== Dataset section ==
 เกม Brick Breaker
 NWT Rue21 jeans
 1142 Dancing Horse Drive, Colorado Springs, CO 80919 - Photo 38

== What to work on ==
Please give the full set of data again exactly.

== Solution for this task ==
 เกม Brick Breaker
 NWT Rue21 jeans
 1142 Dancing Horse Drive, Colorado Springs, CO 80919 - Photo 38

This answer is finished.